Par ailleurs l’annexe du quatrième protocole d’Accord sur le Commerce des Services (AGCS), Accord sur les télécommunications de base, négocié sous les auspices de l’Organisation Mondiale du Commerce (OMC) en février 1997, entré en vigueur le 1er janvier 1998, indique que les taxes de répartition telles que les tarifs d’interconnexion nationaux doivent tendre vers les coûts. En d’autres termes, les taxes de répartition ne doivent pas être plus élevées que les tarifs d’interconnexion locaux (sauf prise en compte du coût additionnel minimal du segment international).
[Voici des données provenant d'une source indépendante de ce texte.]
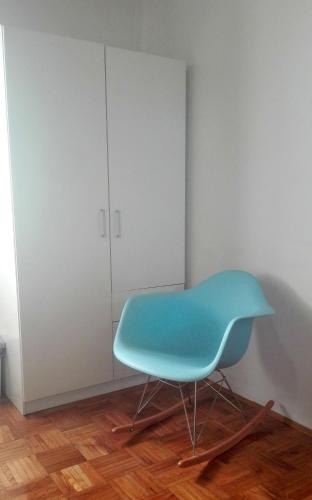 a blue chair in a room with a cabinet at Voyage in Varaždin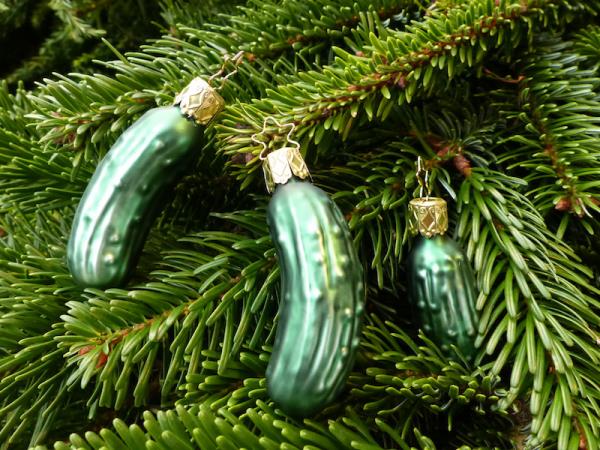 Χριστουγεννιάτικα στολίδια πράσινου γυαλιού αγγουριού σε σχήμα αγγουριού κρυμμένα ανάμεσα στα κλαδιά του έλατου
Au vue de ces deux articles, il apparaît clairement qu’aucune taxe ne doit être appliquée au trafic international entrant.
Il convient aussi de rappeler la Déclaration de Dakar de novembre dernier dans laquelle les opérateurs télécoms de l’Afrique de l’Ouest réitèrent leur opposition à un tel système de taxation. En parallèle aux violations légales, le Libéria devrait aussi considérer les conséquences économiques de l’introduction d’une taxe sur les appels internationaux entrants: elle aura un impact négatif sur la compétitivité du pays en accroissant le coût de faire des affaires durant une période de récession mondiale; l’augmentation du prix de terminaison des appels internationaux entrants aura un effet négatif sur les entreprises de Libéria tourné vers l’import/export; pour les familles au Libéria avec des membres vivant à l’étranger, l’augmentation du prix d’appel vers le pays se traduira par des appels plus courts et moins d’argent disponible pour envoyer au Libéria.
J’ai récemment échangé par mail avec un Libérien résidant aux USA et sa réponse quant à l’introduction d’une taxe sur les appels internationaux entrants a été comme suit « la taxe réglementaire de LTA n’est pas progressive dans mon opinion ». Le point principal s’est l’aspect progressif. Il s’agit bien de développer un cadre réglementaire qui soutient le développement des TICs et non pas une réglementation qui prend les opérateurs télécoms et les consommateurs pour des vaches à lait !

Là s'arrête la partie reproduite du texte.